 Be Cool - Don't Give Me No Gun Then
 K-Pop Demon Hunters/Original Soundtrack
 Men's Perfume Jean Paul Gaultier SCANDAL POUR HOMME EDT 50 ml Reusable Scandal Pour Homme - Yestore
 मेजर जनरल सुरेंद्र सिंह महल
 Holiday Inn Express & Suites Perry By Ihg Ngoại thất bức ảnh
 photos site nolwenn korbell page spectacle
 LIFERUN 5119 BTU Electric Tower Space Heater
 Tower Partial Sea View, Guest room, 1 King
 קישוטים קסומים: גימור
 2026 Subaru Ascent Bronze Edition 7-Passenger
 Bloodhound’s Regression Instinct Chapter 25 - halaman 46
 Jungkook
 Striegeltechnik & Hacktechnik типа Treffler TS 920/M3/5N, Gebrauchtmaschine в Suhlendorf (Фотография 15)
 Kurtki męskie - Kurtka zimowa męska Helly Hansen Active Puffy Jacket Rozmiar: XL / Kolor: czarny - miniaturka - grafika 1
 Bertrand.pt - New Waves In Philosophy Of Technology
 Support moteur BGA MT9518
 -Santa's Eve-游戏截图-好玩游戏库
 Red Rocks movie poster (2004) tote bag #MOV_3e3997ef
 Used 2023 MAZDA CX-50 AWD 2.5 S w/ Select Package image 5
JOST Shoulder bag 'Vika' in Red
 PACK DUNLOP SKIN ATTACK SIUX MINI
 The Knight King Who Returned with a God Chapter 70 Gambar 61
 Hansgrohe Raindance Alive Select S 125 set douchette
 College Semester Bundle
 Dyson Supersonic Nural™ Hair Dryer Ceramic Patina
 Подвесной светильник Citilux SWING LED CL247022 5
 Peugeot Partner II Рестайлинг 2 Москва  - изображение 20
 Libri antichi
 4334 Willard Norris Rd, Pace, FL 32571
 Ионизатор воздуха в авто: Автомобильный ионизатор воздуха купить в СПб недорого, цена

■ ■ ■ ■

> Work required
Look above for the line containing "Libri antichi"; copy from it through the last line, exactly, and nothing more.

> Result for this task
 Libri antichi
 4334 Willard Norris Rd, Pace, FL 32571
 Ионизатор воздуха в авто: Автомобильный ионизатор воздуха купить в СПб недорого, цена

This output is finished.